=== DATA ===
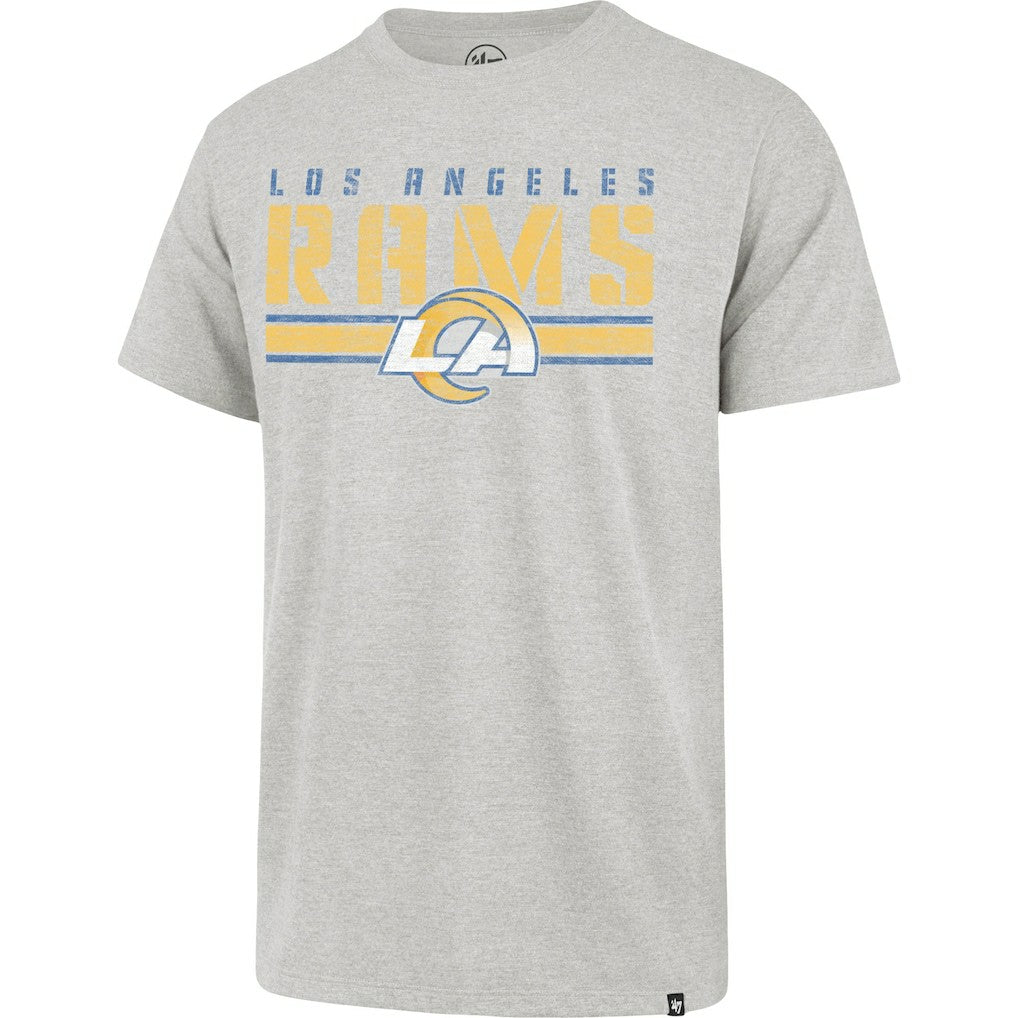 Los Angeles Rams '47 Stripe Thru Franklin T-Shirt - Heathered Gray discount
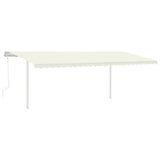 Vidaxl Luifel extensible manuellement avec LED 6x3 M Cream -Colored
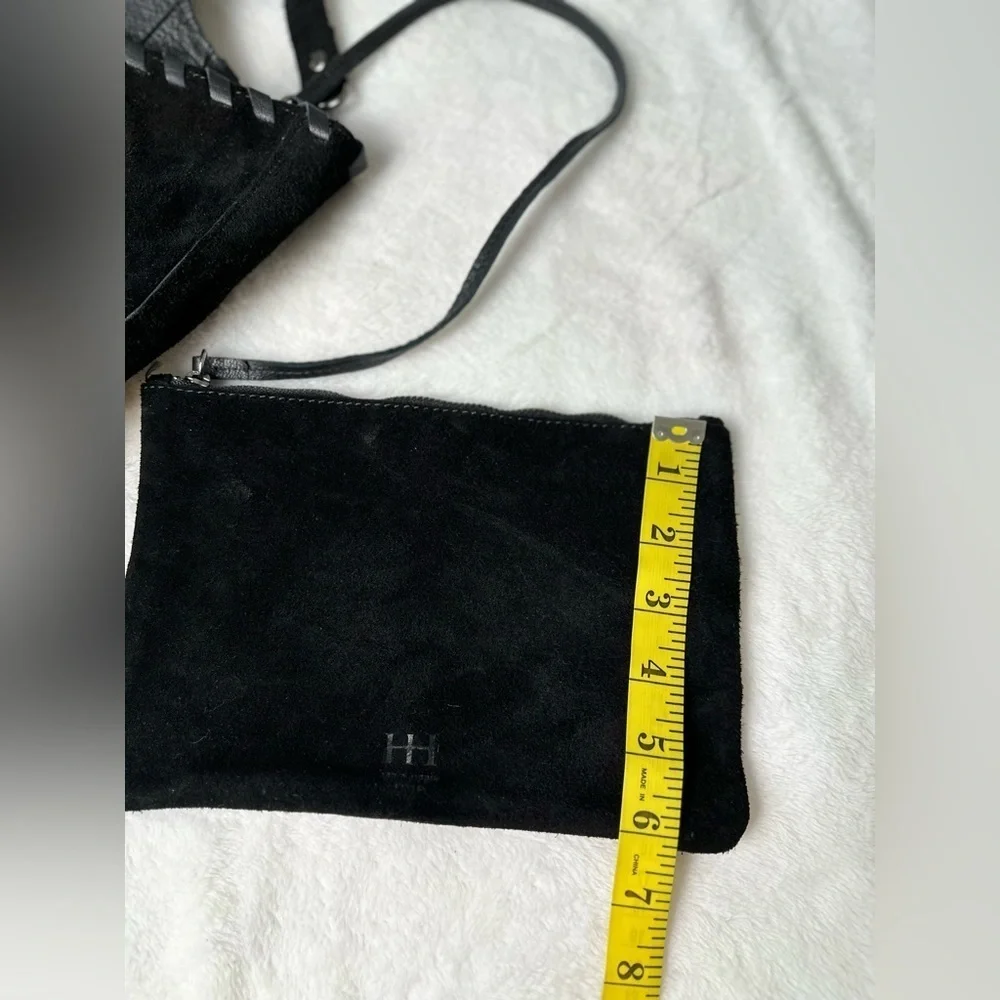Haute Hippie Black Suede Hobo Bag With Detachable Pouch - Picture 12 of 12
===
TASK DIRECTIONS
Everything in the data except the pictures must appear in your answer unchanged.

EXERCISE SOLUTION
 Los Angeles Rams '47 Stripe Thru Franklin T-Shirt - Heathered Gray discount
 Vidaxl Luifel extensible manuellement avec LED 6x3 M Cream -Colored
Haute Hippie Black Suede Hobo Bag With Detachable Pouch - Picture 12 of 12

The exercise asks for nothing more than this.